Before World War II, D&E was content to project a more circumspect look to the world.   President Harry Whetsell, in his farewell address, rarely referenced religion except in the most general terms. In the war years it was a muscular and activist version on display. Purdum was not shy in evoking Christianity and linking it to the war effort.

 

Georgianne Stary, a refugee from Czechoslovakia, came to D&E eager to blend Christianity with politics. Having arrived in September 1944, she shared with her listeners at chapel her views on what the conflict was all about. She flatly stated that "Nazism is not an idea, it is a religion."   The cure for this secular faith was a cleansing which was only possible through "Christian education." Stary, like Reinhold Niebuhr and Paul Tillich, envisioned the new world emerging as a more international version of Protestantism. Stating that "the new education for all countries must be based on good Christian leadership," Stary also advocated a world where "there must be a common language in which everyone will learn to think," thus freeing it from nationalist manipulation."

 

Her influence was widely felt -- in 1946 she would play a leading role in the acquiring of accreditation from the North Central Association of Colleges. And she was not alone in seeing the war as a means to crystallize intellectual views toward a Christian universalism. A colleague, Religion Professor Frank B. Lewis, went so far as advocating a "Christian College War Training Service." As well, he touted a "new measure of strength -- mental, physical and spiritual." This type of activist Protestantism reflected a liberal version of Evangelicalism. Not for nothing that after the full horrors of the war became known that many took solace in religion. In the 1950s, church attendance soared.

 

 

After the war, D&E flourished with the return of veterans eager to take advantage of the Serviceman's Readjustment Act of 1944 or the "GI Bill of Rights." Trying not to make the mistake of simply offering a "bonus" (as was the case with World War I), Congress tried to offer veterans a life-changing experience, such as owning a home or getting a crack at higher education.
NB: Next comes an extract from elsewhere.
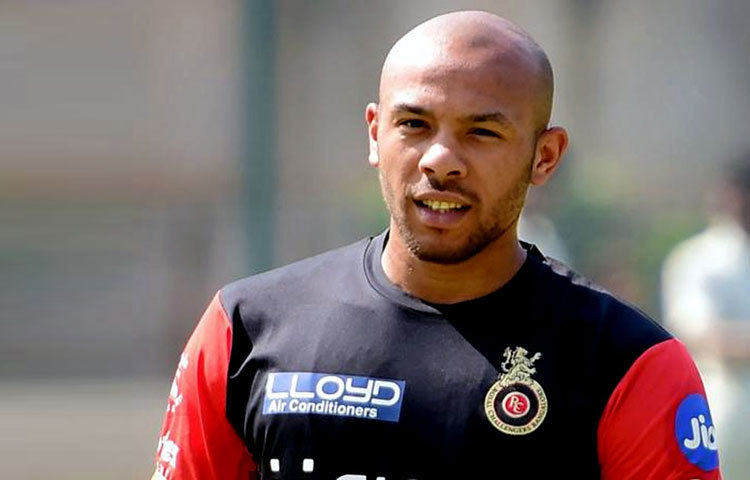 রয়্যাল চ্যালেঞ্জারার্স বেঙ্গালুরু দল টাইমাল মিলসকে ভারতীয় মুদ্রায়&nbsp; ১২,০০,০০,০০০ রুপিতে কিনেছে।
Suddenly a generation that had all but ruled out college in the early 1940s was now eligible to attend at the pleasure of the federal government.

 

Unlike previous D&E students, they were not enamored of May poles or football. They were all business. Still donning uniforms, this "GI generation" transformed academia. Many within the academic community were horrified at the prospect of over-aged and demanding students champing at the bit to return to the outside as soon as possible. "Colleges and universities will find themselves converted into educational hobo jungles," sniffed University of Chicago President Robert Maynard Hutchins, "and veterans...will find themselves educational hobos." But as historian David Kennedy observed, they "were highly motivated students" who gave a boost to institutions of higher learning.

 

D&E and Purdum celebrated rather than scoffed at the prospect of these returning veterans. Having seen so many come into Elkins during the war, Davis & Elkins was more than prepared to meet the challenge. From 98 students in 1944-1945 and 303 in 1945-1946, D&E saw a jump to 744 in 1946-1947. Of this total, 447 were veterans. In 1947-1948, 941 attended the college, including 878 full-time. Impatient veterans swelled the ranks of summer school, reaching a high of 501.

 

D&E's reputation as an "excellent" trainer of air crews helped it land an Air Force Reserve Officer Training Corps in July 1951. D&E also received full accreditation from the North Central Association in 1946. The war years transformed the "college on the hill" to a first-rate liberal arts college. As much in American life, things would never to be the same after the war -- one that inadvertently launched a greater social revolution than was envisioned by the New Deal.